In a strategic move to best meet the diverse needs of companies and stakeholders in Mainland China, Hong Kong, Taiwan and Macau, GRI’s regional base has relocated from Beijing to Hong Kong.
Headed by Verna Lin, an experienced sustainability and investment management professional, the move of GRI’s Greater China Regional Hub comes as both the China Securities Regulatory Commission and Hong Kong Stock Exchange progress plans for environmental, social and governance (ESG) disclosure requirements by listed companies.
Coinciding with the opening of the office in Hong Kong, GRI has published an updated guide to reporting in the Chinese market. Developed with the Corporate Social Responsibility Research Centre of the Chinese Academy of Social Sciences (CASS CSR), the resource sets out how the GRI Standards enable businesses to meet the latest CASS CSR 4.0 guidance.
GRI chief executive Tim Mohin said: “As more organizations in the Greater China region are reporting their sustainability performance, it is crucial that they adopt the global common language for ESG disclosure – the GRI Standards.

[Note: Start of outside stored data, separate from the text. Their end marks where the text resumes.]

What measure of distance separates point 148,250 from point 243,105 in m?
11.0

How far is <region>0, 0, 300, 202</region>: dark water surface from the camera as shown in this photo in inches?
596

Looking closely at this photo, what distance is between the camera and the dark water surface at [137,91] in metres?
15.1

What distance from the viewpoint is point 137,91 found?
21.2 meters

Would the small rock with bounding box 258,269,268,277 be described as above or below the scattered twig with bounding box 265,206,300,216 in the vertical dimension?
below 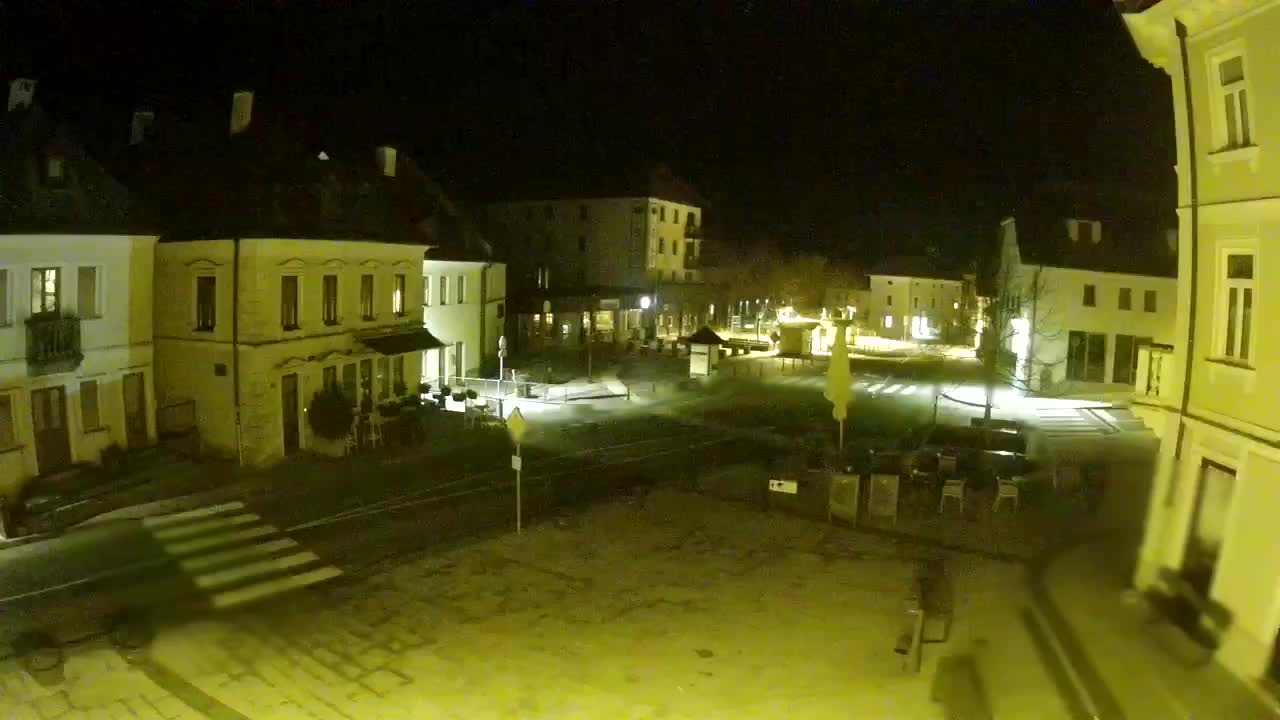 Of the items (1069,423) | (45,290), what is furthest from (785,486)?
(1069,423)

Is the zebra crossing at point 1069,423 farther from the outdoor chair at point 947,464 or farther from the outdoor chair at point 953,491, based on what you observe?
the outdoor chair at point 953,491

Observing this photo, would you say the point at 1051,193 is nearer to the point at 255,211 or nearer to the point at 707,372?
the point at 707,372

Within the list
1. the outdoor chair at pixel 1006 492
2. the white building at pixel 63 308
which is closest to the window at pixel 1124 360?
the outdoor chair at pixel 1006 492

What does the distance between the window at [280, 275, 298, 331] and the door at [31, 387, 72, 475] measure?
532 centimetres

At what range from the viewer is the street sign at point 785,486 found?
1998 centimetres

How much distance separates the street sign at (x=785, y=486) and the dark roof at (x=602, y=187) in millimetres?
42575

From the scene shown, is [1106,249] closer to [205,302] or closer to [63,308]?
[205,302]

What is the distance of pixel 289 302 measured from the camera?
24797mm

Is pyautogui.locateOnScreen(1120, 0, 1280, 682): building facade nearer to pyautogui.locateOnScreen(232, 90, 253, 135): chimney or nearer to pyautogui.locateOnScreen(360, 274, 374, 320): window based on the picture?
pyautogui.locateOnScreen(360, 274, 374, 320): window

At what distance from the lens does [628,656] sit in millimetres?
12602

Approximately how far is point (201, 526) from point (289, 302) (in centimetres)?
780

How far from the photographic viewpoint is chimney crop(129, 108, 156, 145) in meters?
28.5

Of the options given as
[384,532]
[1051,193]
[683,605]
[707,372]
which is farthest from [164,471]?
[1051,193]

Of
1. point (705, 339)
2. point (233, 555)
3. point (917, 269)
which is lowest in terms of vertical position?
point (233, 555) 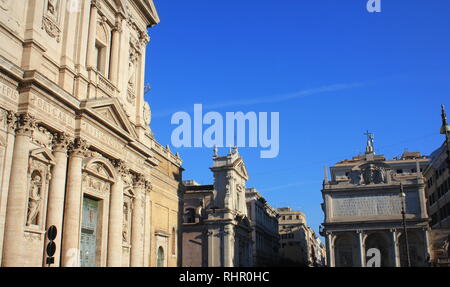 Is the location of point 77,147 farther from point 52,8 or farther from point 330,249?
A: point 330,249

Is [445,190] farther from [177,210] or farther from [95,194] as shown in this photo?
[95,194]

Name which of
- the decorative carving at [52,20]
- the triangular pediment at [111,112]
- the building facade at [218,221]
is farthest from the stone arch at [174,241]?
the building facade at [218,221]

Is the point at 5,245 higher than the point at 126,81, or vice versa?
the point at 126,81

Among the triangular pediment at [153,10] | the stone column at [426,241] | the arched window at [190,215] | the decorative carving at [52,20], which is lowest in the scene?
the stone column at [426,241]

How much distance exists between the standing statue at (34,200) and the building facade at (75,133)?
0.04 m

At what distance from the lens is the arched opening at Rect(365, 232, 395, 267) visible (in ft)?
199

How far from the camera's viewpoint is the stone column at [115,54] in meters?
25.8

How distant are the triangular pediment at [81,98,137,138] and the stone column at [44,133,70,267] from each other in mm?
1911

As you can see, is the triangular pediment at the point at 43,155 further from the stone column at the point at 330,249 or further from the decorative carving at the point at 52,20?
the stone column at the point at 330,249

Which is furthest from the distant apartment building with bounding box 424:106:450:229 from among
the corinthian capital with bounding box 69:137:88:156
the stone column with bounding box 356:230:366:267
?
the corinthian capital with bounding box 69:137:88:156

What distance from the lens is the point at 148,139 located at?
30859 mm
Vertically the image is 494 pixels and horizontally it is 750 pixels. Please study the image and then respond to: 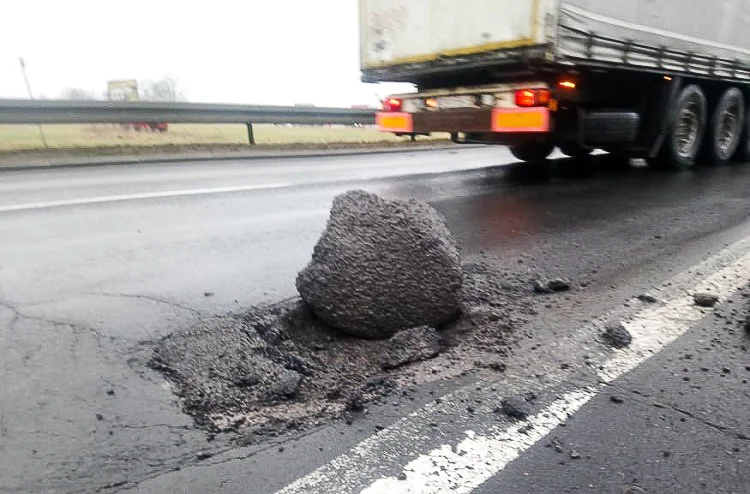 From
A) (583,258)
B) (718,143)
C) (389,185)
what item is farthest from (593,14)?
(718,143)

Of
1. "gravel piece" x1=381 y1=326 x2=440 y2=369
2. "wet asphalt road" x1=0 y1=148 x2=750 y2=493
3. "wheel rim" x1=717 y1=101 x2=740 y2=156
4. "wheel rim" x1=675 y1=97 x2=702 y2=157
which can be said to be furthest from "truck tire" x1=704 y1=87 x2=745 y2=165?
"gravel piece" x1=381 y1=326 x2=440 y2=369

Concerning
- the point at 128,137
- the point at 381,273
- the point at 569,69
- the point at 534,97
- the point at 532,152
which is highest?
the point at 569,69

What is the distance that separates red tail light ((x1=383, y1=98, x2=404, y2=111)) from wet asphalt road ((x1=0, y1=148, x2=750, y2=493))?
1.08 metres

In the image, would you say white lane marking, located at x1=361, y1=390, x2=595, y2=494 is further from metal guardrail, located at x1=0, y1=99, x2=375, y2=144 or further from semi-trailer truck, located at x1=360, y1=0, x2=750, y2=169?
metal guardrail, located at x1=0, y1=99, x2=375, y2=144

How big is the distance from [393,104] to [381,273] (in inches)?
243

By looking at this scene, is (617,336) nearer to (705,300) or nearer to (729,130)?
(705,300)

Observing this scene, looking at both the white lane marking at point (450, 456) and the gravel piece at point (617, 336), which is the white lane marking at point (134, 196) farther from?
the white lane marking at point (450, 456)

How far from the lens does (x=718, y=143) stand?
9.22 metres

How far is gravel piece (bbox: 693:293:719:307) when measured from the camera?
10.2 ft

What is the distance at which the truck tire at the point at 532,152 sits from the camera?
10.1 m

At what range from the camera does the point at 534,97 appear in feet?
21.5

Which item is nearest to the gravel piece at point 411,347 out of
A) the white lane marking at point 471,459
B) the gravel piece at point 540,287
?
the white lane marking at point 471,459

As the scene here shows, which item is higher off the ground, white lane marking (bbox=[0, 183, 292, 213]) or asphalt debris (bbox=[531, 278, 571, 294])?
asphalt debris (bbox=[531, 278, 571, 294])

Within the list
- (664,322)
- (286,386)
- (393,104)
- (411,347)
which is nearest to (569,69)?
(393,104) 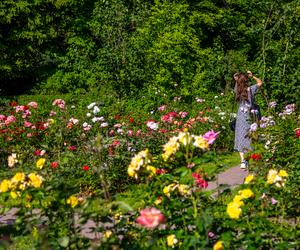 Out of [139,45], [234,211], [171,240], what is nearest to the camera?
[234,211]

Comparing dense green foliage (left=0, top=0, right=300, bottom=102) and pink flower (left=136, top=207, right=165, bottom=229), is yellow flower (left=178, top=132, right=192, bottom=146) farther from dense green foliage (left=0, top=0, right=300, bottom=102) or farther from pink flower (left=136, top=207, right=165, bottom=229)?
dense green foliage (left=0, top=0, right=300, bottom=102)

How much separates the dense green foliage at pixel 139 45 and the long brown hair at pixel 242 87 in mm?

To suport these companies, I am pleased to announce our Greater China Hub is now located in Hong Kong and to welcome Verna Lin as our newly appointed regional leader.
GRI is dedicated to harmonizing global ESG reporting to help improve, quality, comparability and ultimately align capital to sustainable business practices. Our new linkage resource gives local companies additional help to report their impacts through the GRI Standards while adhering to CASS CSR guidance.”
Verna Lin added: “In the Greater China region sustainability is starting to become mainstream, as governments, regulatory authorities and relevant stakeholders implement policies at all levels. I believe there are many strategic opportunities for GRI to further encourage the sustainability agenda, supported by corporate disclosures, in the years to come.”